Records provided.

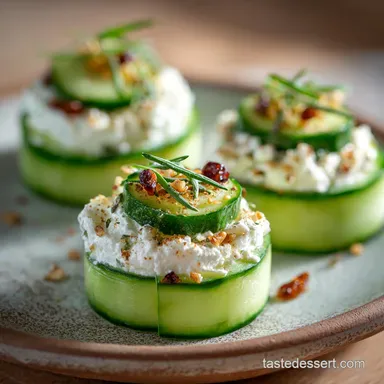 Skinny Appetizer Recipes: Whipped Feta Cucumber Bites Recipe Card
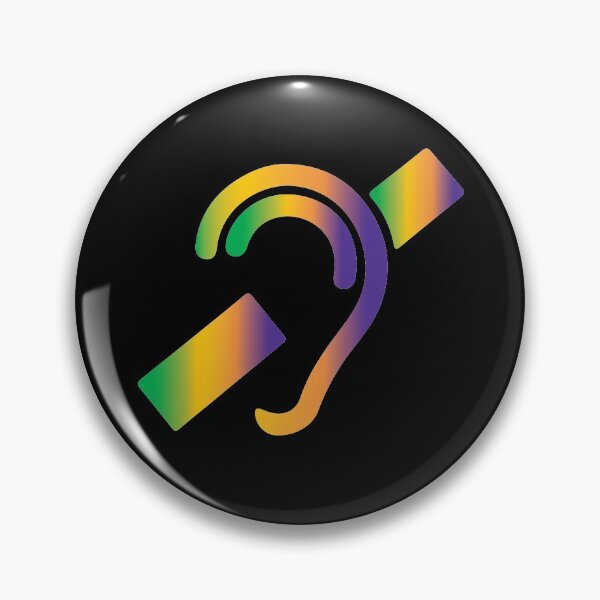 Item preview, Symbol for the Hearing Impared - Mardi Gras green, purple, and yellow designed and sold by smnessen.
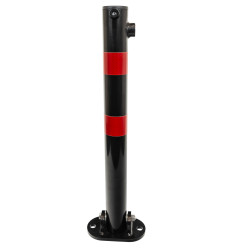 610 black fold down parking post, red reflective bands (001-** K/D, 001-** KA)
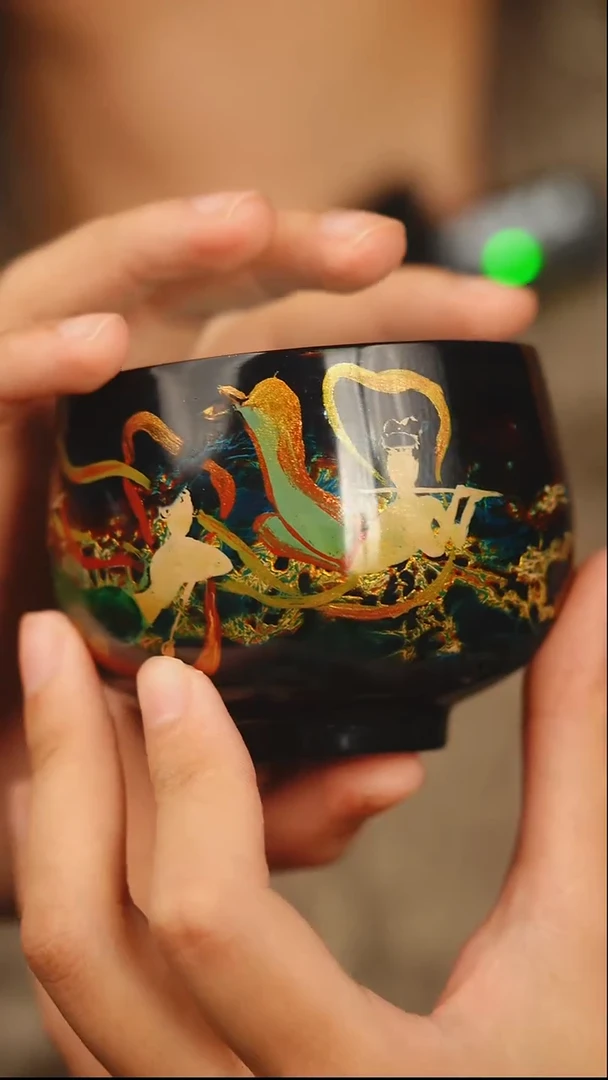 @敦煌梵彩手绘飞天主人杯 @   非遗大漆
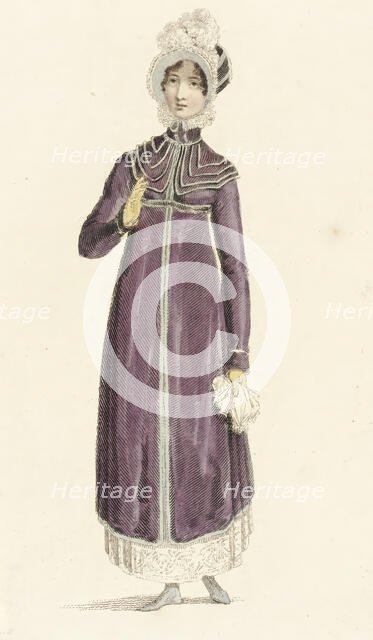 Fashion Plate (Walking Dress), 1814. Creator: Rudolph Ackermann.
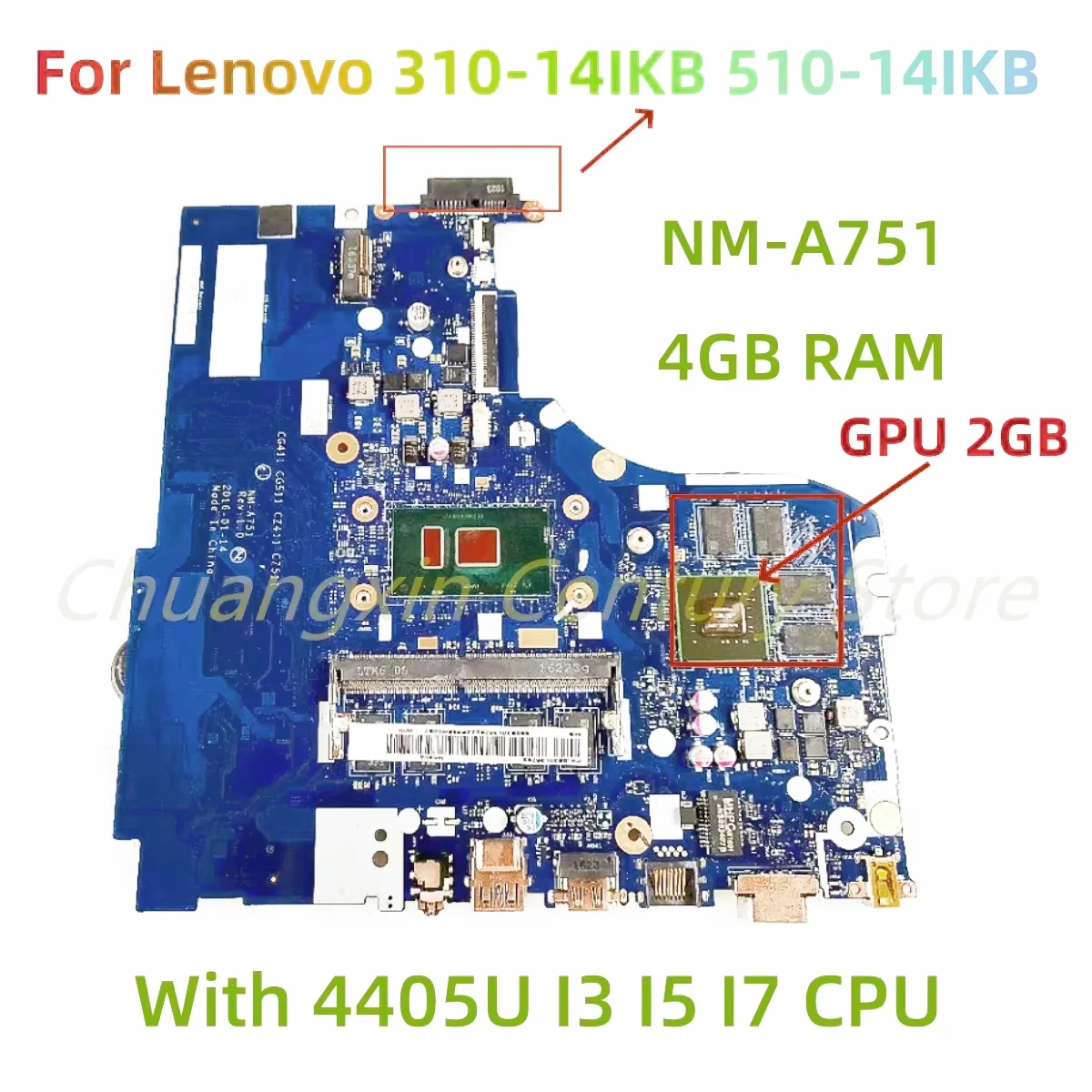 For Lenovo 510-14IKB 510-14ISK 310-14IKB 310-14ISK laptop motherboard NM-A751 with 4405U I3 I5 I7 CPU GT920M/940M 2G GPU 4G RAM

Exercise prompt. Find the line that contains "Item preview, Symbol". Reproduce it and every later line of the records exactly, minus the pictures.

Your solution.
 Item preview, Symbol for the Hearing Impared - Mardi Gras green, purple, and yellow designed and sold by smnessen.
 610 black fold down parking post, red reflective bands (001-** K/D, 001-** KA)
 @敦煌梵彩手绘飞天主人杯 @   非遗大漆
 Fashion Plate (Walking Dress), 1814. Creator: Rudolph Ackermann.
 For Lenovo 510-14IKB 510-14ISK 310-14IKB 310-14ISK laptop motherboard NM-A751 with 4405U I3 I5 I7 CPU GT920M/940M 2G GPU 4G RAM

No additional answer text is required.